▶ _Source material_
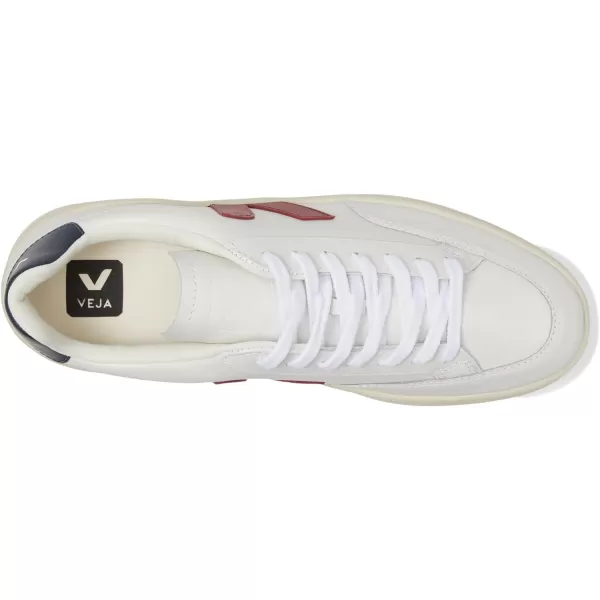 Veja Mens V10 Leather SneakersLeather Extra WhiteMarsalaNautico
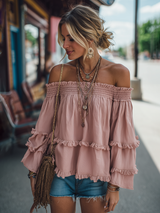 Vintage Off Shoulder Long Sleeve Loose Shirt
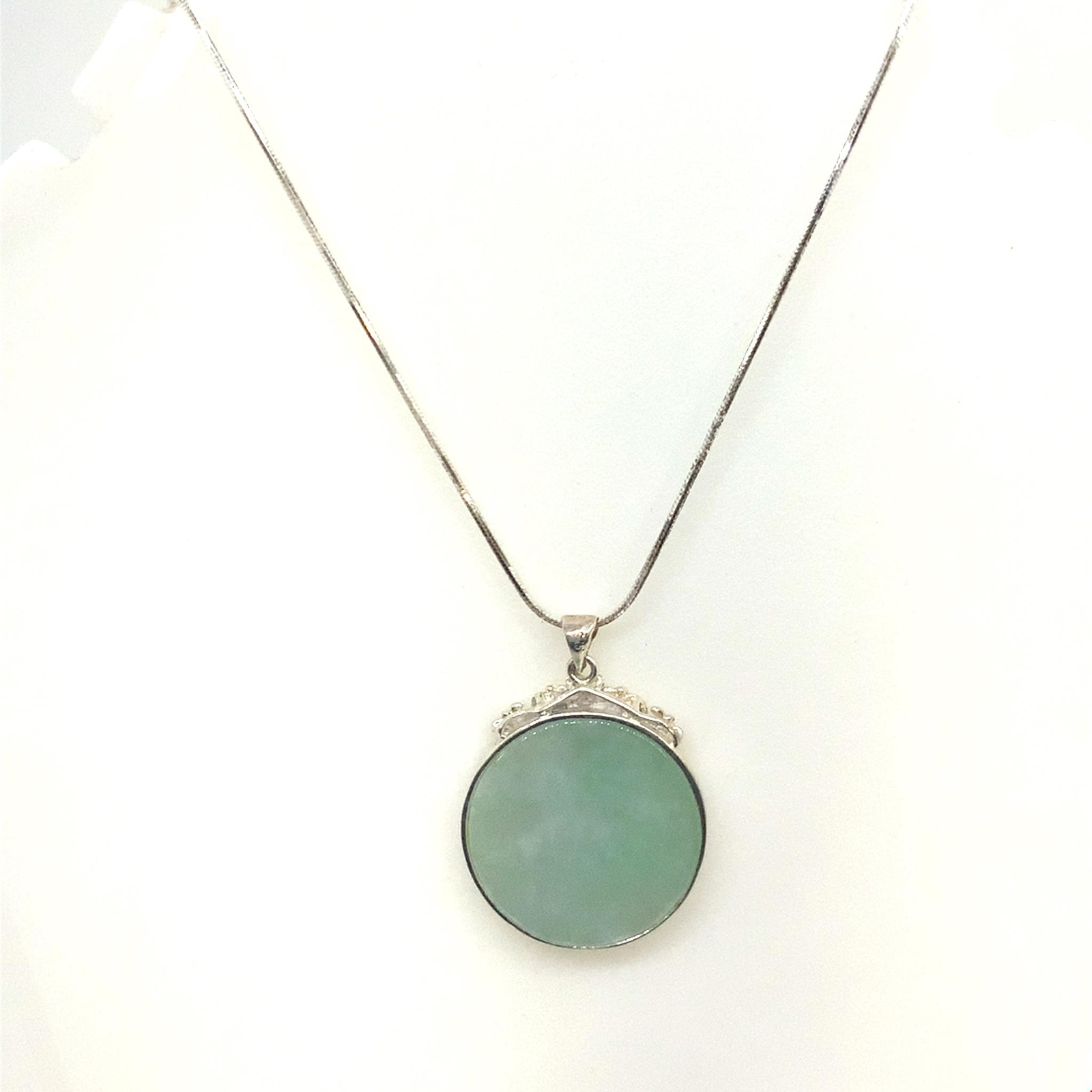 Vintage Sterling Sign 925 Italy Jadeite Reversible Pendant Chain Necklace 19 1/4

▶ _The task_
With the pictures removed, write the listing out word for word.

▶ _Response for this exercise_
 Veja Mens V10 Leather SneakersLeather Extra WhiteMarsalaNautico
 Vintage Off Shoulder Long Sleeve Loose Shirt
 Vintage Sterling Sign 925 Italy Jadeite Reversible Pendant Chain Necklace 19 1/4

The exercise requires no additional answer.